- Fairfield Historic District
- U.S. National Register of Historic Places
- U.S. Historic district
- Location: SR 1308, 1309, 1305 and NC 94, Fairfield, North Carolina
- Coordinates: 35°32′29″N 76°13′39″W﻿ / ﻿35.54139°N 76.22750°W
- Area: 210 acres (85 ha)
- Architect: Multiple
- Architectural style: Italianate, Carpenter Gothic
- NRHP reference No.: 85001448
- Added to NRHP: July 5, 1985

= Fairfield Historic District (Fairfield, North Carolina) =

Historic district in North Carolina, United States

Merge to Fairfield, Hyde County, North Carolina?

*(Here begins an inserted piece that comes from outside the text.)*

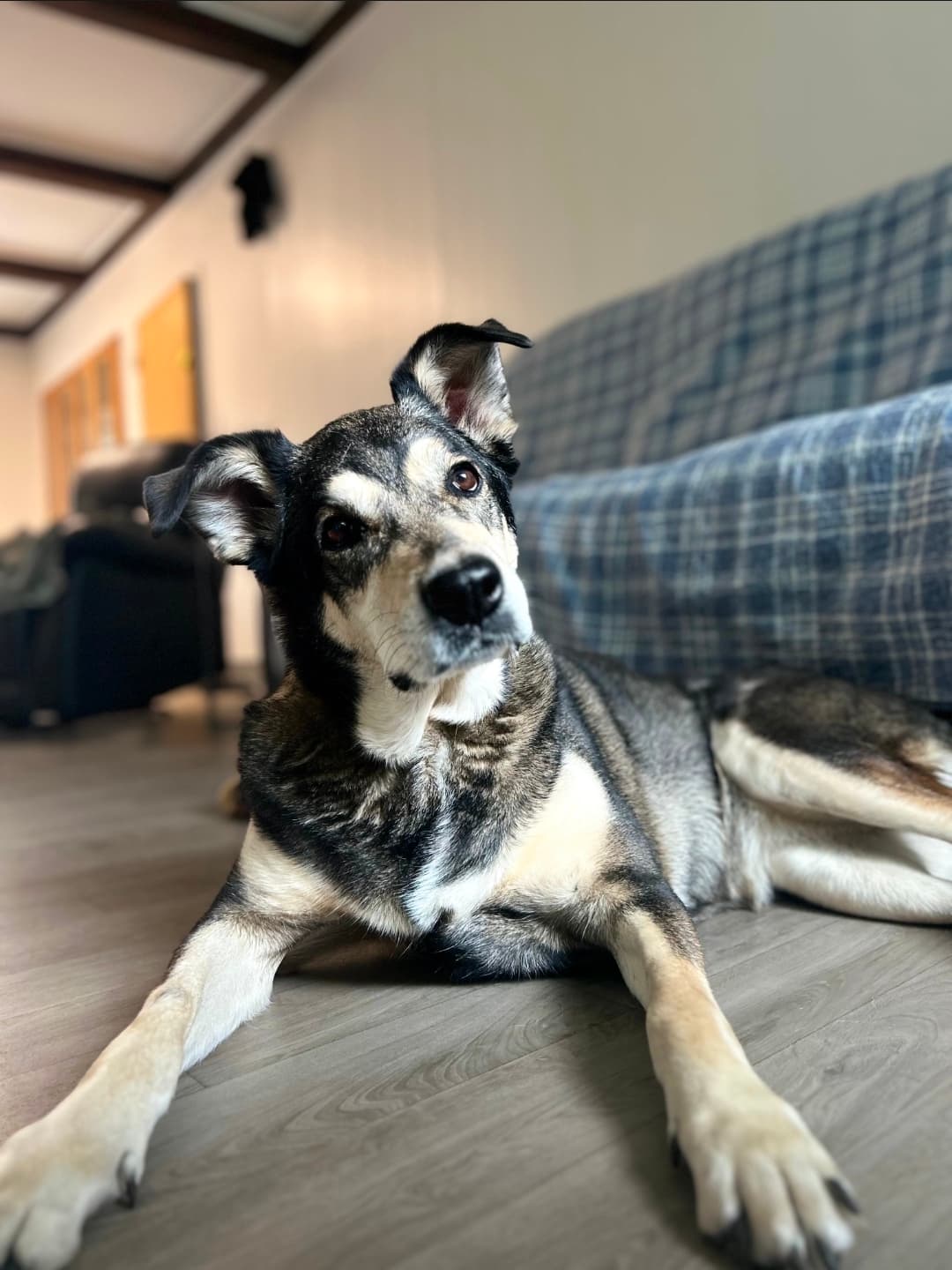Willow 🌿 - Mixed Breed available for adoption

Fairfield Historic District is a national historic district located at Fairfield, Hyde County, North Carolina. The district encompasses 54 contributing buildings, 1 contributing site, and 1 contributing structure in the village of Fairfield. The district includes notable examples of Italianate and Carpenter Gothic style architecture dating to the last half of the 19th century. It was added to the National Register of Historic Places in 1985.

Notable buildings include the Blackwell-Carter-Midyette House (1850s), Dr. Patrick Simmons House (1871), Carter~Holton-Sears House (c. 1890), Fairfield Methodist Episcopal Church (1877), E. S. O'Neal And Sons Store, Calhoun Brown Store, Fairfield Cemetery Pavilion, and Carter-Swindell House (1870s).